Problem details - From the line that holds "エジプトの誕生日パーティーへの招待 招待状 (裏面)" down to the last line of the listing below, transcribe exactly and only those lines. Leave pictures out.

Data provided -
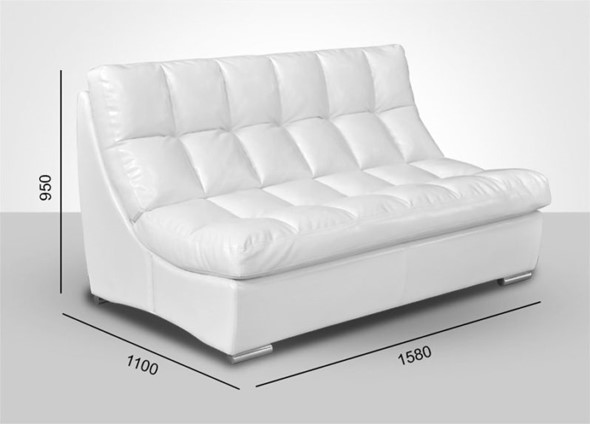 Прямой диван Брайтон с механизмом в Твери - изображение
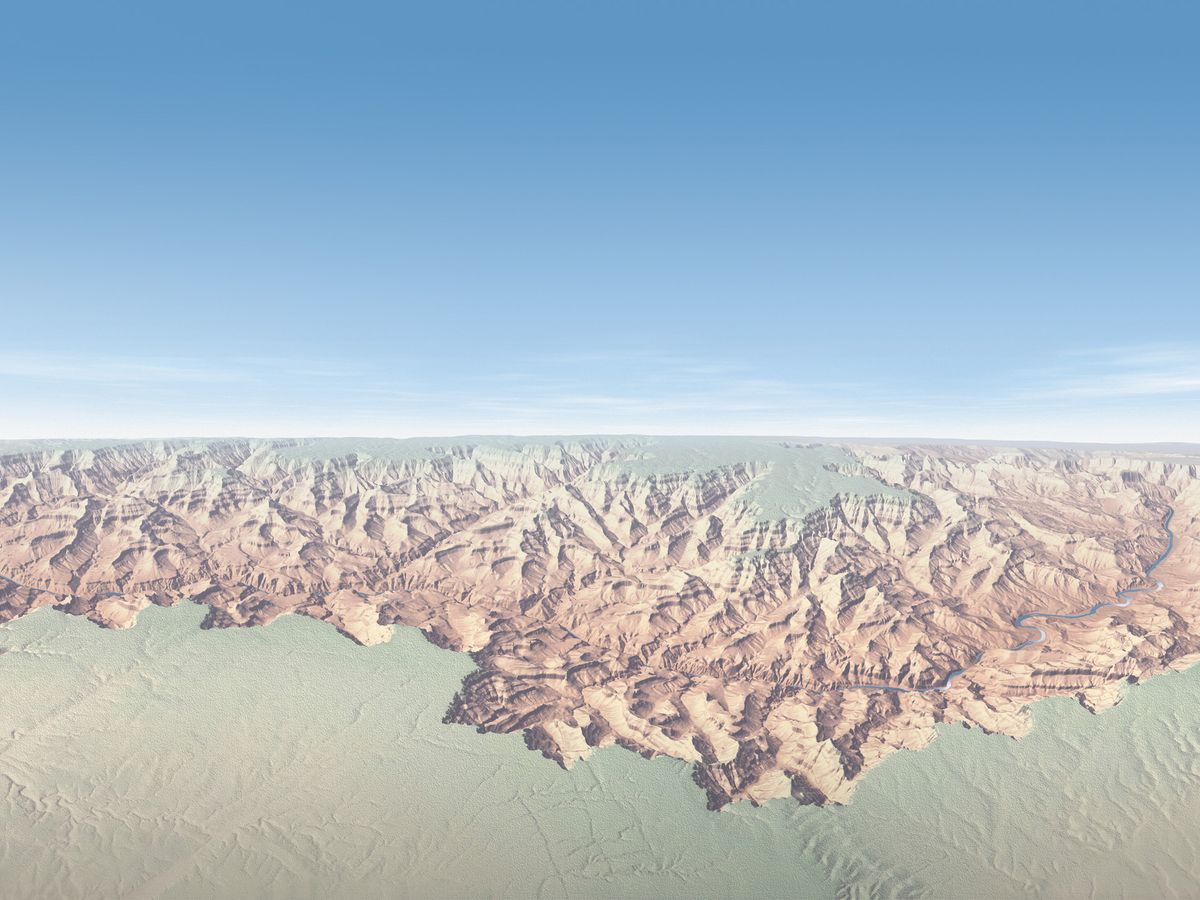 Grand Canyon aerial topography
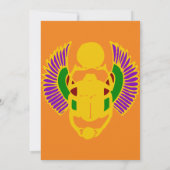 エジプトの誕生日パーティーへの招待 招待状 (裏面)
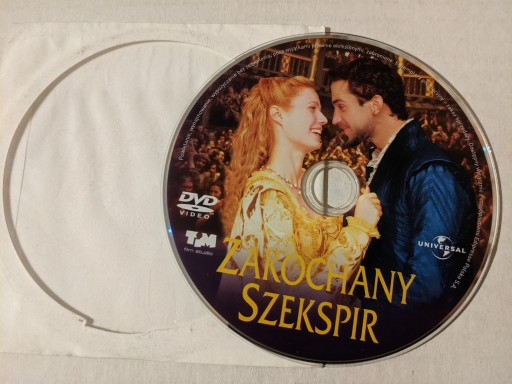 Zdjęcie oferty: Zakochany Szekspir, film DVD, lektor PL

Solution for this problem -
 エジプトの誕生日パーティーへの招待 招待状 (裏面)
 Zdjęcie oferty: Zakochany Szekspir, film DVD, lektor PL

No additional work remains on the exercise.